Rondon did not try to make him understand that it now bore the name of the emaciated senhor in the big canoe. The fisherman did learn, however, that Roosevelt had once been President of the United States. It took a while for this information to register.

“But is he truly a president?”

Rondon explained that Roosevelt was now retired.

“Ah, but he who has been a king, is still majestic.”

When Roosevelt heard this in translation, he thanked the fisherman, and said that no ordinary person in his own country would be capable of such eloquence.

Later in the day, the expedition reached another rubber-tapping outpost, where Rondon learned that some rough stretches of river swirled downstream. Dr. Cajazeira was afraid they might fatally delay the hospital treatment his patient needed.

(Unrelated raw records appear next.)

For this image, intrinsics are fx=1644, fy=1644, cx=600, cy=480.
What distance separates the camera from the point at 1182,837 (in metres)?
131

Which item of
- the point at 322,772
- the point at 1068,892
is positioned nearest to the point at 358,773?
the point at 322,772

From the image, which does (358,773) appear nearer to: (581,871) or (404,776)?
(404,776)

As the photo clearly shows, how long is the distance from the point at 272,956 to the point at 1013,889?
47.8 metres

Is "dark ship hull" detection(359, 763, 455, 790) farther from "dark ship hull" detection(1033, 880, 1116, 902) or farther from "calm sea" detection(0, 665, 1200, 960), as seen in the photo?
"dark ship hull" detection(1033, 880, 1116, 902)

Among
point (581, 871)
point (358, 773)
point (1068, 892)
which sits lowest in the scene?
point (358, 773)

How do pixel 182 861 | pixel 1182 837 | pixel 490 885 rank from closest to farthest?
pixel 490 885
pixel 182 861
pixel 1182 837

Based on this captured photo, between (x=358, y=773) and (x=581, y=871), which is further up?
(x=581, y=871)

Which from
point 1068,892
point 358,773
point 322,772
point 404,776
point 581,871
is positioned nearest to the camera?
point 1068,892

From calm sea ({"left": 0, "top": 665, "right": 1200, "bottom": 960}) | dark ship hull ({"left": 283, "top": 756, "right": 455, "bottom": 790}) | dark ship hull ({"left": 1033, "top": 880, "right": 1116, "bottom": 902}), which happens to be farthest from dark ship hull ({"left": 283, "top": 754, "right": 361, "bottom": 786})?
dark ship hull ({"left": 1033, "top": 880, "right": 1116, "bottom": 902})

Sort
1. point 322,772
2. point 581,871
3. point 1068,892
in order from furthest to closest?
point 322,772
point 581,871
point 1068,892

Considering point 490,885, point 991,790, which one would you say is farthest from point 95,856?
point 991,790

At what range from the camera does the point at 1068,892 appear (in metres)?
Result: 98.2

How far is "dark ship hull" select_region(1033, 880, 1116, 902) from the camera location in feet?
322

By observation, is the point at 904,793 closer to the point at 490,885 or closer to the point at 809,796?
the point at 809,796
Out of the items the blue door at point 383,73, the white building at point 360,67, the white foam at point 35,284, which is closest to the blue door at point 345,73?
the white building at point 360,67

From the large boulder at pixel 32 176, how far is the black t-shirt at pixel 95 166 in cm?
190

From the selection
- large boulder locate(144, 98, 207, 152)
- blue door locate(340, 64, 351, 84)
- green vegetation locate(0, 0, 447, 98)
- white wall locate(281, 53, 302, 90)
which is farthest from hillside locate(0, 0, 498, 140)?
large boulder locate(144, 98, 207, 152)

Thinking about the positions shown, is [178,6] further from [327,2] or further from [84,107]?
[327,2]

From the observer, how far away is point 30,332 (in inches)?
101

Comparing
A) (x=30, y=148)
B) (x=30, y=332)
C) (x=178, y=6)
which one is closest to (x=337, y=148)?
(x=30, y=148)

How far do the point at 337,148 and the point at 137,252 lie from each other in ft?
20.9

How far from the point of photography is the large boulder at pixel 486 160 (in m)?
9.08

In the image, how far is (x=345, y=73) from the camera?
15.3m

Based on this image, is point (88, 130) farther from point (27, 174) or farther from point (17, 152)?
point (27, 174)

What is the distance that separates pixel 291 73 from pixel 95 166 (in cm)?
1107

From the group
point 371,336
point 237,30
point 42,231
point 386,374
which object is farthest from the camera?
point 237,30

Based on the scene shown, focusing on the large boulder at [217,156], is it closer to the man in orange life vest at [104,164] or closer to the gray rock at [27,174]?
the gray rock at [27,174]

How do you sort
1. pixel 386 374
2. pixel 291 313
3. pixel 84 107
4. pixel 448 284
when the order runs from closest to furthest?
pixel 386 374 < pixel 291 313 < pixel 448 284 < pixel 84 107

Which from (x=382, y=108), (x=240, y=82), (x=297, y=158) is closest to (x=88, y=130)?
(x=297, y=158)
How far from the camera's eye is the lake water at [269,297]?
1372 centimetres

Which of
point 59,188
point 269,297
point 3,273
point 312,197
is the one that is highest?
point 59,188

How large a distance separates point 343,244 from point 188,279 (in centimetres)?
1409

So far, Roosevelt had declined camp surgery, but it had become imperative to lance and drain the abscess on his thigh. No anesthetic was available. On the morning of 16 April, he submitted without complaint to the agonizing operation, in which pium and boroshuda flies greedily participated. His condition at once improved, although he continued to shed weight until his clothes drooped around him.

It took another ten days, and several more portages, before an affluent that looked even broader than the Dúvida opened out on the right bank, and a neat tent hove into view, flying the combined colors of the United States and Brazil.

Rondon knew at once who had pitched it, and what the affluent was. Early in the year he had ordered one of his junior officers in Amazonas, Lieutenant Antonio Pirineus de Sousa, to sail up the navigable river known as the baixo, or “lower” Aripuaná to the point that it received a river of mysterious origin, flowing north. Rondon had not been able to guarantee that the unknown river was the Dúvida, nor had he been able to predict when—if ever—he and Roosevelt might come down it. But assuming his guess was correct, he wanted Pirineus to be ready with a range of emergency supplies.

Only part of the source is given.